In the records below, find every line that contains "biểu" and list it.
#### Data shown
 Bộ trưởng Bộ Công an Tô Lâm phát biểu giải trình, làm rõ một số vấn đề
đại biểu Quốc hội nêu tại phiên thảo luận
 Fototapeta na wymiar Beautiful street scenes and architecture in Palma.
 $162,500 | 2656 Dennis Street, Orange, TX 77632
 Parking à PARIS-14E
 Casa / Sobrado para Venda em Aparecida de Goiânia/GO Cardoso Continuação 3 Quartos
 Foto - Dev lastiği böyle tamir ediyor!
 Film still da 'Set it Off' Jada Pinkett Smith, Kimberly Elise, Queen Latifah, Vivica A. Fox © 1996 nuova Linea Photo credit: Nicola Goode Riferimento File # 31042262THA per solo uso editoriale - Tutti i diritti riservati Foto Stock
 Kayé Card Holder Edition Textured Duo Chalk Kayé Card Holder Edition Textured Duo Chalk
########
#### Data shown
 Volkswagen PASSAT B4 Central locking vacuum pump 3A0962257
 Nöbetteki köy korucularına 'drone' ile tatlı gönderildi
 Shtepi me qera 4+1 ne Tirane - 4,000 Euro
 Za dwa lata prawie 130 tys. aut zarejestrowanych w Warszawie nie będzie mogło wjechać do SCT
########
* Answer to the exercise
 Bộ trưởng Bộ Công an Tô Lâm phát biểu giải trình, làm rõ một số vấn đề
đại biểu Quốc hội nêu tại phiên thảo luận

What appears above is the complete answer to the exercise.